On Friday, I shared a short code snippet, and asked how it could be improved. If you missed it, go read the challenge now then come back.
I got a good number of responses, so today I’m going to share a few of them, and offer my own answer.
First off, Jim Kalafut, and several others, the code I shared. One line was return nil
, but should have been return decodedBytes, nil
. Thanks for pointing that out. With that in mind, the (correct) original code to be improved is:
func decodeString(encoded string) ([]byte, error) {
var decodedBytes []byte
var err error
trimmed := strings.TrimRight(encoded, "=")
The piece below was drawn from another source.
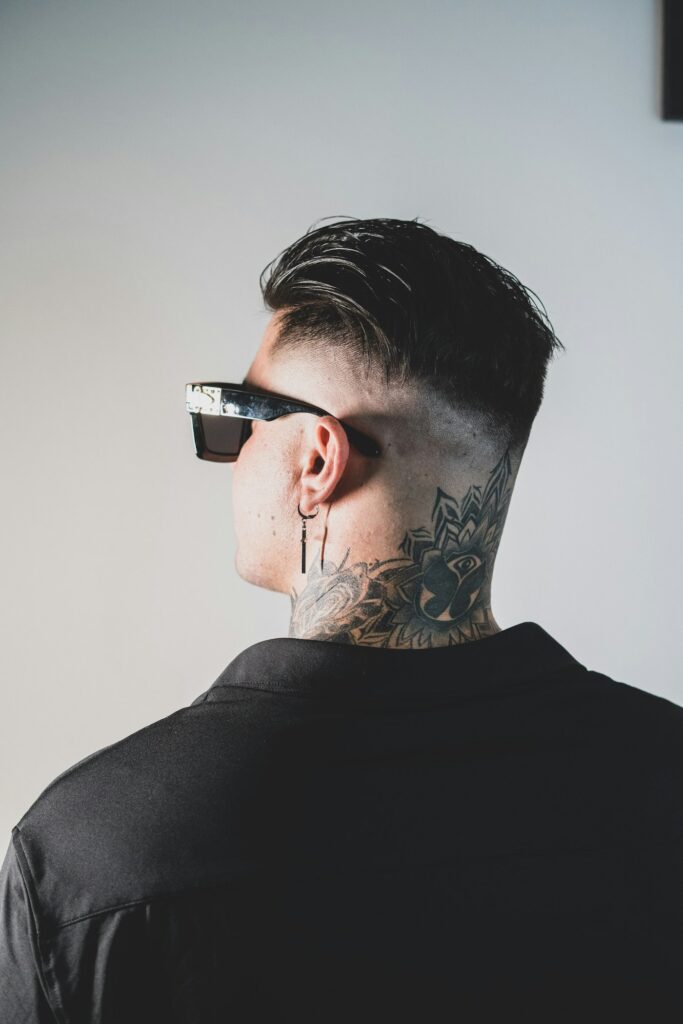Side neck tattoo on a man with a fade haircut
decodedBytes, err = base64.StdEncoding.DecodeString(trimmed)
if err != nil {
decodedBytes, err = base64.URLEncoding.DecodeString(trimmed)
if err != nil {
decodedBytes, err = base64.RawURLEncoding.DecodeString(trimmed)
if err !=nil {
return decodedBytes, nil
}
}
}
return decodedBytes, err
}
By far the most common suggestion I received was to loop over a slice of decoders, to reduce nesting. Mark Ayers, for example, suggested:
func decodeString(encoded string) ([]byte, error) {
trimmed := strings.TrimRight(encoded, "=")
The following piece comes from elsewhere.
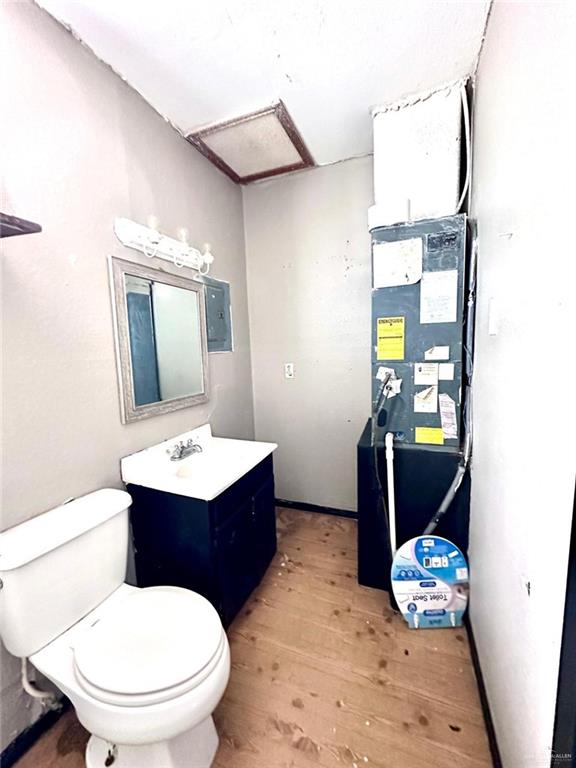 bathroom featuring hardwood / wood-style floors, vanity, electric panel, and toilet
// Try decoding with various Base64 encodings
decoders := []func(string) ([]byte, error){
base64.StdEncoding.DecodeString,
base64.URLEncoding.DecodeString,
base64.RawURLEncoding.DecodeString,
}
for _, decoder := range decoders {
if decoded, err := decoder(trimmed); err == nil {
return decoded, nil
}
}
return nil, fmt.Errorf("failed to decode string")
}
I agree that this is a big improvement. So kudos to everyone who suggested it!
It’s also the approach I almost implemented when I ran into this code, until I noticed something else odd about the code that only one reader, Marc Journeux, hinted at:
- I do not understand the TrimRight to remove the = character. Base64 strings are made of 6 bits groups (2^6=64) so = characters can be added for padding. RAW URL base64 encoding does not use padding, so looking for a = character might save one decode call.
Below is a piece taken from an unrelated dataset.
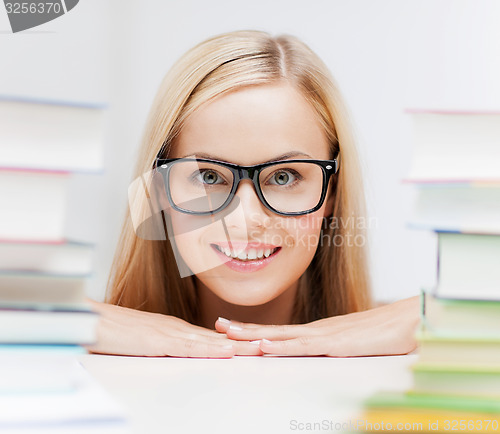 Image of student with stack of books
He’s on the right path with this comment.
Let’s take a closer look at what the code is doing, with this in mind:
- We trim trailing
=
characters from the input. i.e.Zm9vCg==
becomesZm9vCg
. - We attempt to decode the new string using the
StdEncoding
, which uses the standard Base64 alphabet, with padding. - We attempt to decode using
URLEncoding
, which uses a URL-safe Base64 alphabet, with padding. - We attempt to decode using
RawURLEncoding
, which uses a URL-safe Base64 alphabet, without padding.
I’m guessing by now the problem is pretty obvious.
Of the three decoders we attempt to use, only one is possibly valid after trimming padding! StdEncoding
and URLEncoding
will both fail on all inputs that are missing the needed padding.
With this realization, we can simplify the code significantly:
func decodeString(encoded string) ([]byte, error) {
trimmed := strings.TrimRight(encoded, "=")
return base64.RawURLEncoding.DecodeString(trimmed)
}
Now some of you may be thinking: “Wait! Not all Base64 encoded strings have padding!”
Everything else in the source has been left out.